La volonté d’informer

Les images générées par l’IA qui visent à représenter des événements réels peuvent servir le journalisme, tout comme les croquis, les infographies ou les reconstitutions l’ont fait par le passé, tant qu’elles sont présentées de manière transparente et motivées par une intention sincère d’informer et non de tromper. Ce n’est pas le support qui détermine la véracité, mais la motivation qui le sous-tend. La transparence, par le biais d’un étiquetage, de métadonnées ou d’indices visuels, est essentielle pour préserver la confiance. Ce qui ne doit pas être autorisé, le limite à ne pas franchir, c’est l’intention d’informer de manière trompeuse. C’est ce que nous jugeons dans l’image d’un photojournaliste : sa fidélité à la vérité. Et comment jugeons-nous de cela ? Où sont les limites, les frontières ? Nous jugeons en définissant la provenance, comment l’image a été faite, par qui et pourquoi, et en réintroduisant l’élément humain. De la même manière que, dans un procès, nous savons qui est le témoin (policier, voisin, amant, etc.) et comment cela influe sur son témoignage, il en va de même pour les photographies. Deux conditions sont donc nécessaires pour juger correctement une image photojournalistique : sa provenance et une liste transparente de ce qui a été fait à l’image depuis sa prise de vue jusqu’à sa présentation à un jury. Parce que la confiance est une relation, une relation humaine, et que la compréhension de l’intention en est le fondement.
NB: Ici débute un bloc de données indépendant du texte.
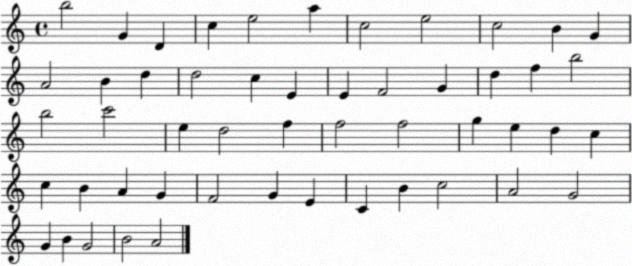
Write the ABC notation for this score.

X:1
T:Untitled
M:4/4
L:1/4
K:C
b2 G D c e2 a c2 e2 c2 B G A2 B d d2 c E E F2 G d f b2 b2 c'2 e d2 f f2 f2 g e d c c B A G F2 G E C B c2 A2 G2 G B G2 B2 A2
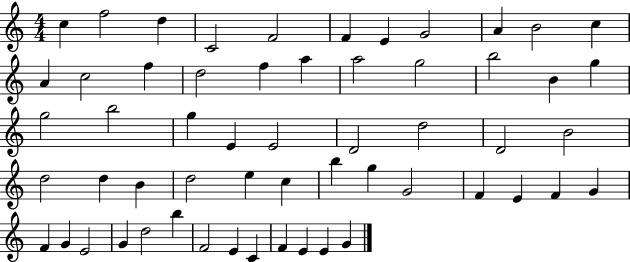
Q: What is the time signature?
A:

Le photojournalisme n’a jamais consisté à figer la réalité, mais à choisir où se placer et pourquoi. À une époque où les images peuvent être créées à partir de rien et où la perfection est facilement simulée, ce qui distingue encore une photographie, c’est ce qui la sous-tend : l’intention, le contexte, la responsabilité. Non pas non modifiée, mais transparente. Pas neutre, mais humaine. Fortement humaine.